[Data records]
********
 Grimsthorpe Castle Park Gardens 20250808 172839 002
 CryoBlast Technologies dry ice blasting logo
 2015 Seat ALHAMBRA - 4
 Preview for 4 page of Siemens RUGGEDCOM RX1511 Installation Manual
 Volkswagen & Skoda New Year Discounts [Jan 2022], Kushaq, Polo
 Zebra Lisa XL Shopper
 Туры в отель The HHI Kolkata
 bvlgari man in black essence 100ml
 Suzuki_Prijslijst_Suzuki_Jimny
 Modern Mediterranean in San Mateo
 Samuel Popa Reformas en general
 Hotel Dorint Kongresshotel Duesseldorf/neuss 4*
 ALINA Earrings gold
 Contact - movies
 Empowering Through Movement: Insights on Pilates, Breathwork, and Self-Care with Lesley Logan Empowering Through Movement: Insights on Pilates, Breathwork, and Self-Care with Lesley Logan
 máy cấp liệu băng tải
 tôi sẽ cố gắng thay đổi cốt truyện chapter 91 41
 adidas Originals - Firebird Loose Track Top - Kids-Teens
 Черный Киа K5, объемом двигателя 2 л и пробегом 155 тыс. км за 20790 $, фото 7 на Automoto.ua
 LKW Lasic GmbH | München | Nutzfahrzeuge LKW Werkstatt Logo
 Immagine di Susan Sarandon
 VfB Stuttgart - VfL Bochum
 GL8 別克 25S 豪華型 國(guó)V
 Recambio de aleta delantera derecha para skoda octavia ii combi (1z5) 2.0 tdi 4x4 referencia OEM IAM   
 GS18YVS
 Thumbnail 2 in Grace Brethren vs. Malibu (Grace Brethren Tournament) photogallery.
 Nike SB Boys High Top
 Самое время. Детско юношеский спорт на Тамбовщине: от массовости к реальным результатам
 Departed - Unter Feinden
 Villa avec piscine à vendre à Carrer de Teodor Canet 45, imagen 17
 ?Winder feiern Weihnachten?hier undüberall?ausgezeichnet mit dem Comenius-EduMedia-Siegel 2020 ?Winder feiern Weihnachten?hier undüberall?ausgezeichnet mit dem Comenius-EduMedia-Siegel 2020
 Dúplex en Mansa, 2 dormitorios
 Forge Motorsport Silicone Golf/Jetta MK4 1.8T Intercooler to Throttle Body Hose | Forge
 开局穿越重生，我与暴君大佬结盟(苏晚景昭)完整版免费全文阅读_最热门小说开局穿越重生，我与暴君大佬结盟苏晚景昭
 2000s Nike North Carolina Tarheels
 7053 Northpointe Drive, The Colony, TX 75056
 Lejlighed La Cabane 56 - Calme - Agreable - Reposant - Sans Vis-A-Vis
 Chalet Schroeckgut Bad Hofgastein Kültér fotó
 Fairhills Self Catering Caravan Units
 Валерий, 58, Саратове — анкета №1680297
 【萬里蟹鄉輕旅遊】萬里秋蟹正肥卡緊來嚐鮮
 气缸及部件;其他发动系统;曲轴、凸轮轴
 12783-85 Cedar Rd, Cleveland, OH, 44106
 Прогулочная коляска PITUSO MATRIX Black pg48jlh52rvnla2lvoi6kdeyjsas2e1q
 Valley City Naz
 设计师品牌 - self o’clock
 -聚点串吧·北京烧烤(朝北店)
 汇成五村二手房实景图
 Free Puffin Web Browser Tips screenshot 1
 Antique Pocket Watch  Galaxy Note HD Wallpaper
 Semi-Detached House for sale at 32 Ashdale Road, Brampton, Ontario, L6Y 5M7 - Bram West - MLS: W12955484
********
WHAT IS BEING ASKED – Take the entries above and transcribe them exactly.

TASK ANSWER –
 Grimsthorpe Castle Park Gardens 20250808 172839 002
 CryoBlast Technologies dry ice blasting logo
 2015 Seat ALHAMBRA - 4
 Preview for 4 page of Siemens RUGGEDCOM RX1511 Installation Manual
 Volkswagen & Skoda New Year Discounts [Jan 2022], Kushaq, Polo
 Zebra Lisa XL Shopper
 Туры в отель The HHI Kolkata
 bvlgari man in black essence 100ml
 Suzuki_Prijslijst_Suzuki_Jimny
 Modern Mediterranean in San Mateo
 Samuel Popa Reformas en general
 Hotel Dorint Kongresshotel Duesseldorf/neuss 4*
 ALINA Earrings gold
 Contact - movies
 Empowering Through Movement: Insights on Pilates, Breathwork, and Self-Care with Lesley Logan Empowering Through Movement: Insights on Pilates, Breathwork, and Self-Care with Lesley Logan
 máy cấp liệu băng tải
 tôi sẽ cố gắng thay đổi cốt truyện chapter 91 41
 adidas Originals - Firebird Loose Track Top - Kids-Teens
 Черный Киа K5, объемом двигателя 2 л и пробегом 155 тыс. км за 20790 $, фото 7 на Automoto.ua
 LKW Lasic GmbH | München | Nutzfahrzeuge LKW Werkstatt Logo
 Immagine di Susan Sarandon
 VfB Stuttgart - VfL Bochum
 GL8 別克 25S 豪華型 國(guó)V
 Recambio de aleta delantera derecha para skoda octavia ii combi (1z5) 2.0 tdi 4x4 referencia OEM IAM   
 GS18YVS
 Thumbnail 2 in Grace Brethren vs. Malibu (Grace Brethren Tournament) photogallery.
 Nike SB Boys High Top
 Самое время. Детско юношеский спорт на Тамбовщине: от массовости к реальным результатам
 Departed - Unter Feinden
 Villa avec piscine à vendre à Carrer de Teodor Canet 45, imagen 17
 ?Winder feiern Weihnachten?hier undüberall?ausgezeichnet mit dem Comenius-EduMedia-Siegel 2020 ?Winder feiern Weihnachten?hier undüberall?ausgezeichnet mit dem Comenius-EduMedia-Siegel 2020
 Dúplex en Mansa, 2 dormitorios
 Forge Motorsport Silicone Golf/Jetta MK4 1.8T Intercooler to Throttle Body Hose | Forge
 开局穿越重生，我与暴君大佬结盟(苏晚景昭)完整版免费全文阅读_最热门小说开局穿越重生，我与暴君大佬结盟苏晚景昭
 2000s Nike North Carolina Tarheels
 7053 Northpointe Drive, The Colony, TX 75056
 Lejlighed La Cabane 56 - Calme - Agreable - Reposant - Sans Vis-A-Vis
 Chalet Schroeckgut Bad Hofgastein Kültér fotó
 Fairhills Self Catering Caravan Units
 Валерий, 58, Саратове — анкета №1680297
 【萬里蟹鄉輕旅遊】萬里秋蟹正肥卡緊來嚐鮮
 气缸及部件;其他发动系统;曲轴、凸轮轴
 12783-85 Cedar Rd, Cleveland, OH, 44106
 Прогулочная коляска PITUSO MATRIX Black pg48jlh52rvnla2lvoi6kdeyjsas2e1q
 Valley City Naz
 设计师品牌 - self o’clock
 -聚点串吧·北京烧烤(朝北店)
 汇成五村二手房实景图
 Free Puffin Web Browser Tips screenshot 1
 Antique Pocket Watch  Galaxy Note HD Wallpaper
 Semi-Detached House for sale at 32 Ashdale Road, Brampton, Ontario, L6Y 5M7 - Bram West - MLS: W12955484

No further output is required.